Output each of the entries exactly, skipping every picture they contain.

Study material START

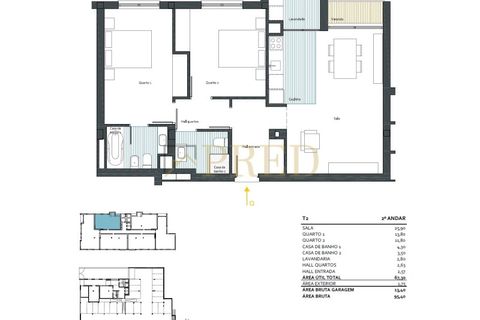 Lejlighed i Valongo, Porto, Valongo - € 290.000 | Ref: PRED-170 - foto 7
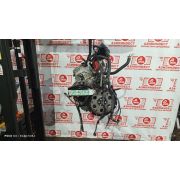 Двигатель Toyota Raum EXZ10 5E-FE A244L -01A 2002 Z509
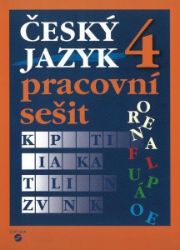 Český jazyk pro 4. ročník (pracovní sešit) - Vítězslava Petrželová - Český jazyk pro 4. třídu Český jazyk 4.ročník ZŠ praktické - pracovní sešit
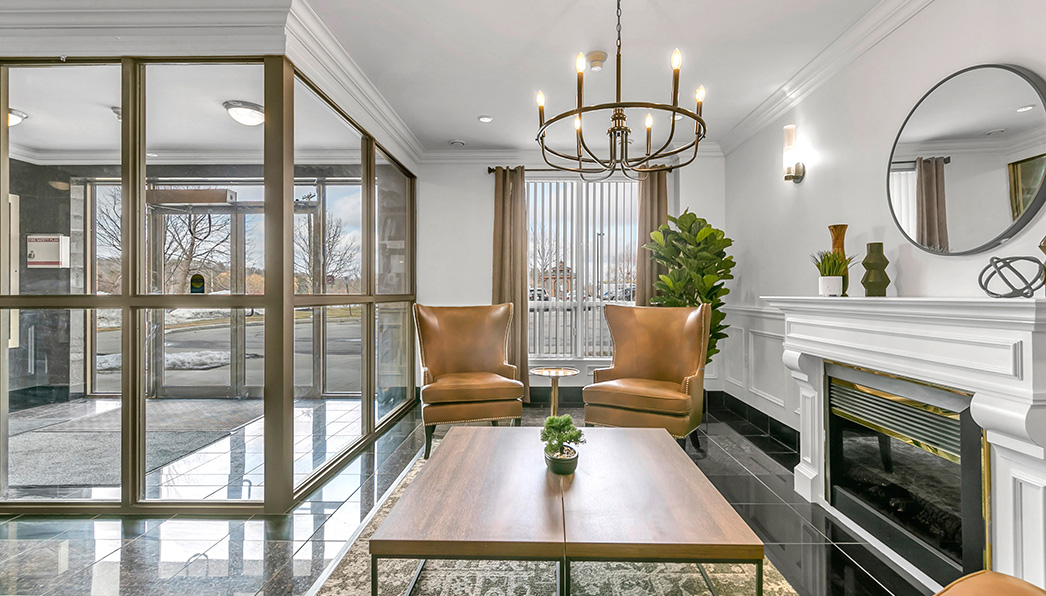 Rivers Edge 2 Apartments Entrance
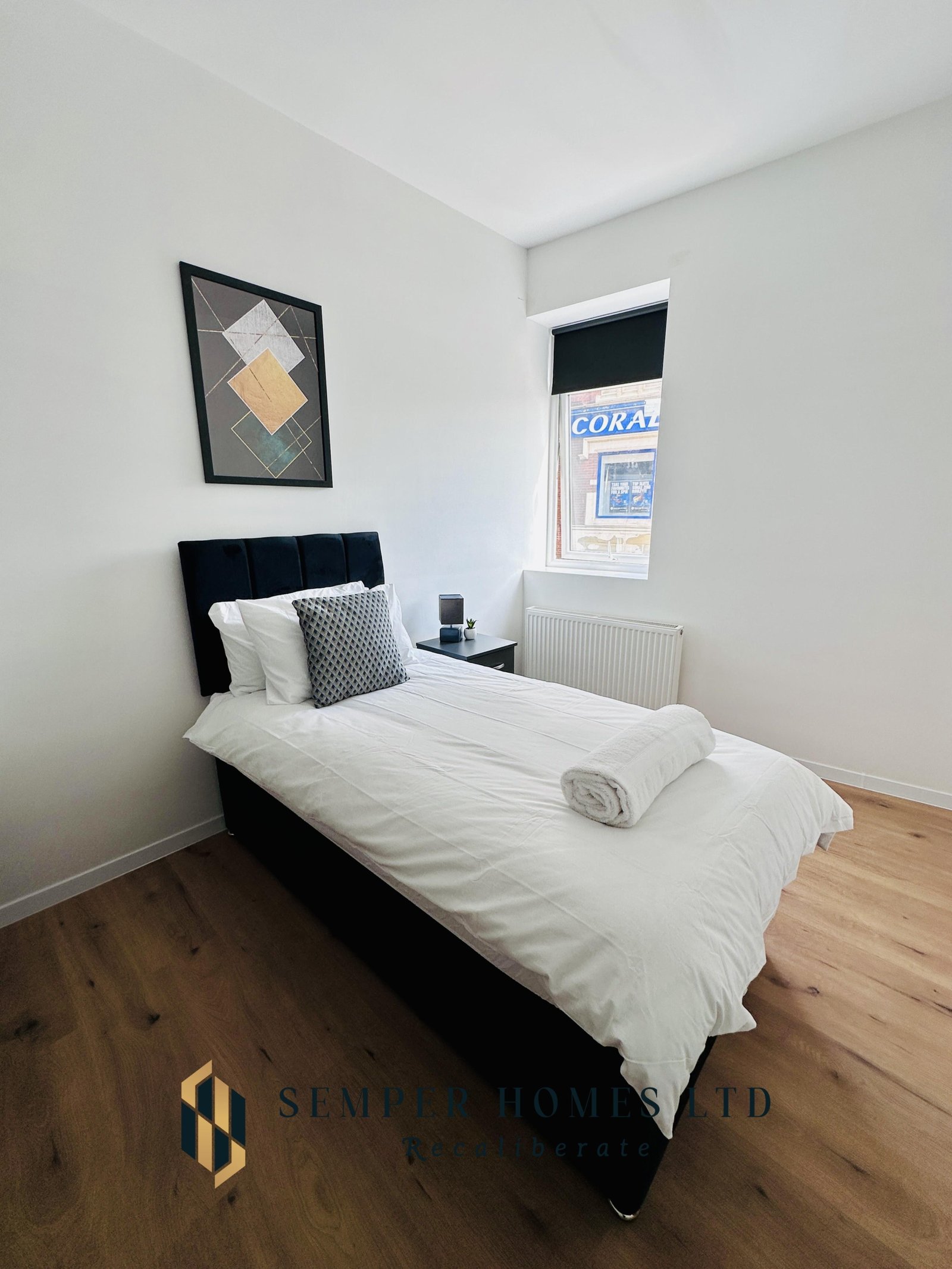 bedroom-1-singlebed-high-street-mexborough-UK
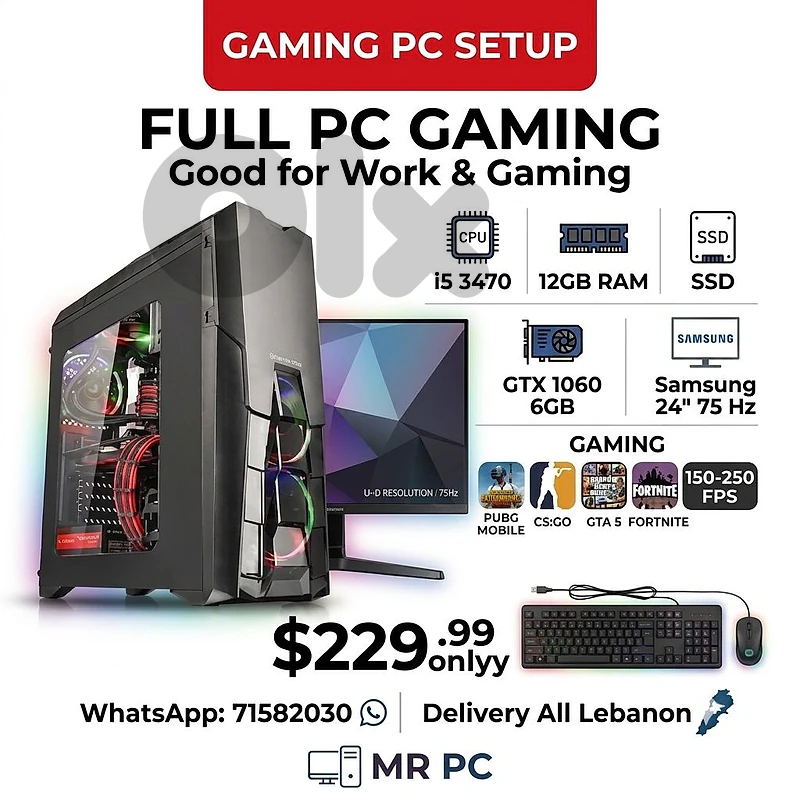 full pc gaming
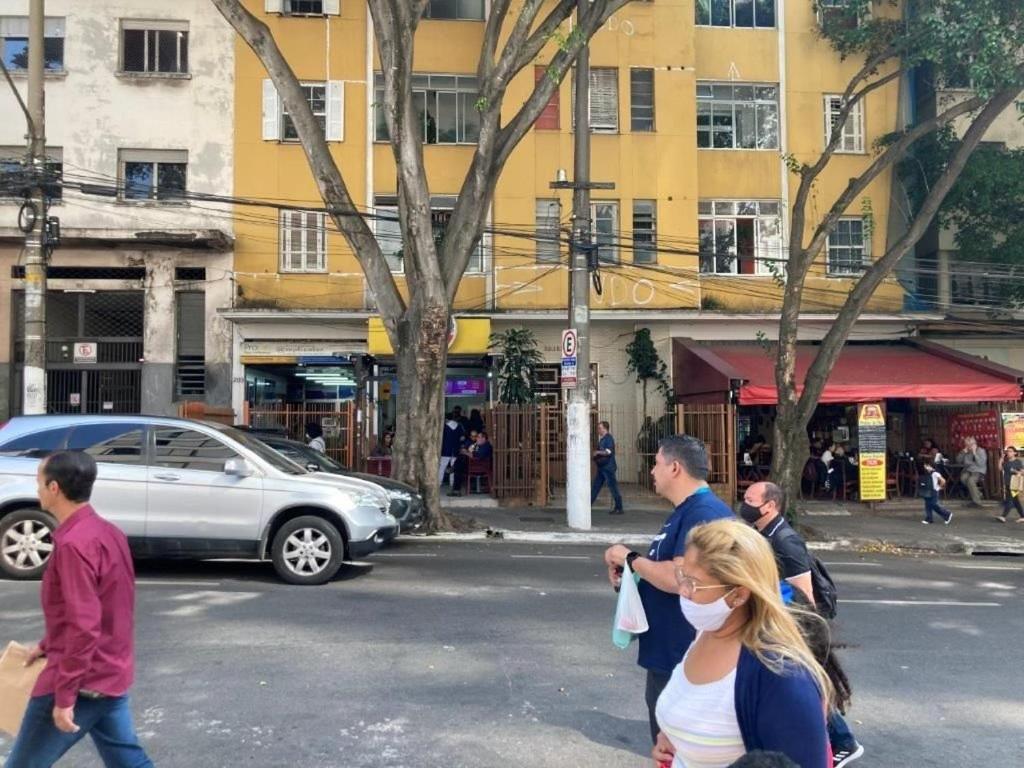 Alice Thome Sao Paulo Exterior photo
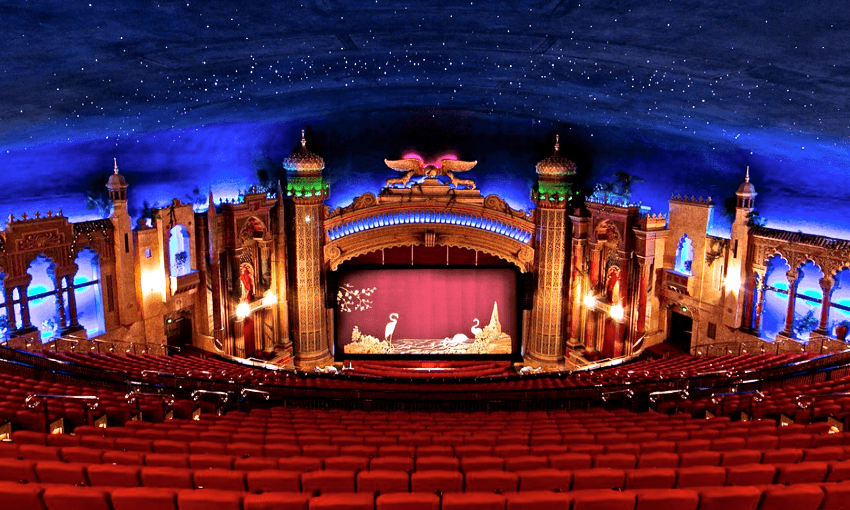 The Civic Theatre, gloriously kooky since 1929. (Image: Auckland Live) 
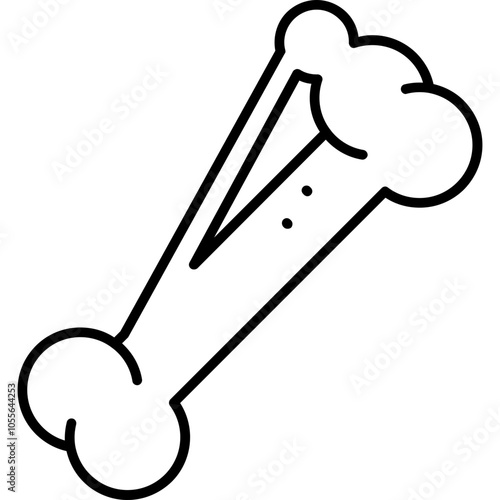 Fibula Icon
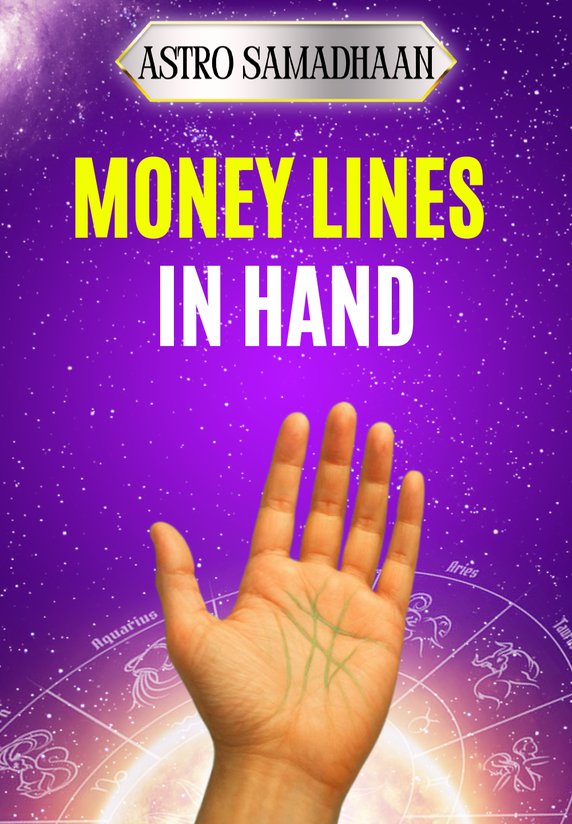 Money Lines In Hand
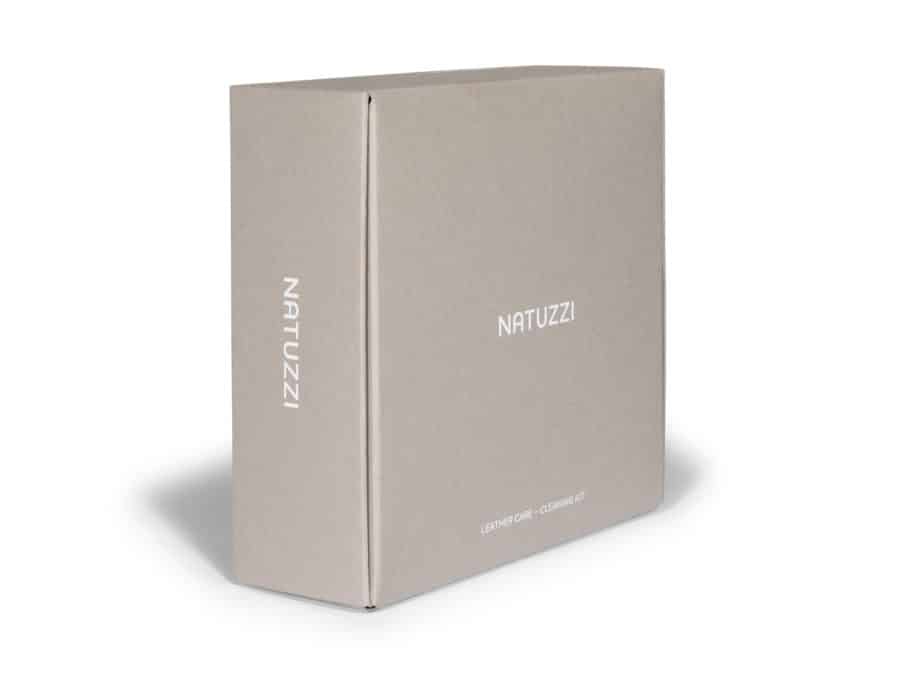 Natuzzi Italia Leather Cleaning Kit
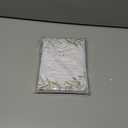 Whaline 25 Pack Christmas Party Invitation Cards Holly Greenery Watercolor Leaves&Berries Invitation Paper Cards with Envelopes Xmas Holiday Party Invites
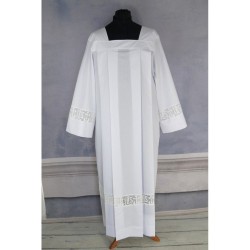 TÚNICA/ALVA - KOR A-XXXVII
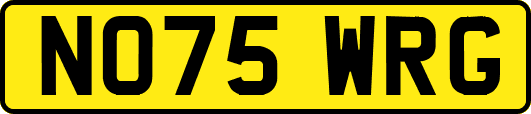 NO75WRG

Study material END

The completed task —
 Lejlighed i Valongo, Porto, Valongo - € 290.000 | Ref: PRED-170 - foto 7
 Двигатель Toyota Raum EXZ10 5E-FE A244L -01A 2002 Z509
 Český jazyk pro 4. ročník (pracovní sešit) - Vítězslava Petrželová - Český jazyk pro 4. třídu Český jazyk 4.ročník ZŠ praktické - pracovní sešit
 Rivers Edge 2 Apartments Entrance
 bedroom-1-singlebed-high-street-mexborough-UK
 full pc gaming
 Alice Thome Sao Paulo Exterior photo
 The Civic Theatre, gloriously kooky since 1929. (Image: Auckland Live) 
 Fibula Icon
 Money Lines In Hand
 Natuzzi Italia Leather Cleaning Kit
 Whaline 25 Pack Christmas Party Invitation Cards Holly Greenery Watercolor Leaves&Berries Invitation Paper Cards with Envelopes Xmas Holiday Party Invites
 TÚNICA/ALVA - KOR A-XXXVII
 NO75WRG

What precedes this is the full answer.